Search code examples
pythonlistcsvcarriage-return

Replace carriage returns in list python


I have a list of values and need to remove errant carriage returns whenever they occur in a list of values.

the format of the file that I am looking to remove these in is as follows.

field1|field2|field3|field4|field5
value 1|value 2|value 3|value 4|value 5
value 1|value 2|value 3|value 4|value 5
value 1|value 2|val
ue 3|value 4|value 5
value 1|value 2|value 3|va
lue 4|value 5

I am looking to address a situation like the one above where there are errant carriage returns in the 3rd and 4th values for the last 2 rows of data.

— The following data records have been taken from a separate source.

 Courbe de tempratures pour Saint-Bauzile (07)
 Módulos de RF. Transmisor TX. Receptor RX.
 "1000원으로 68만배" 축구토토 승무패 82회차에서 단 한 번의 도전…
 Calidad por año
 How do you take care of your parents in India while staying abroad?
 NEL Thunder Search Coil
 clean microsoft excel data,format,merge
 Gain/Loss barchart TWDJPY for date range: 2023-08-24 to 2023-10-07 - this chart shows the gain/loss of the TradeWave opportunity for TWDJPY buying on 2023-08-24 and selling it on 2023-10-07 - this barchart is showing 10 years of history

I have seen a few posts for how to address this but so far nothing has worked for this situation. I have pasted the code I have attempted so far.

import os
import sys

filetoread = 'C:\temp\test.dat'
filetowrite = 'C:\emp\test_updated.dat'

'''
Attempt 1
'''
with open(filetoread, "r+b") as inf:
    with open(filetowrite, "w") as fixed:
        for line in inf:
            fixed.write(line)


'''
Attempt 2
'''           
for line in filetoread:
    line = line.replace("\n", "")


'''
Attempt 3
'''
with open(filetoread, "r") as inf:
    for line in inf:
        if "\n" in line:
            line = line.replace("\n", "")

Solution

  • You have to count the number of fields, to match 5 per line:

    import re
    with open(filetoread, "r+b") as inf:
        with open(filetowrite, "w") as fixed:
            for l in re.finditer('(?:.*?\|){4}(?:.*?)\n', inf.read(), re.DOTALL):
                fixed.write(l.group(0).replace('\n','') + '\n')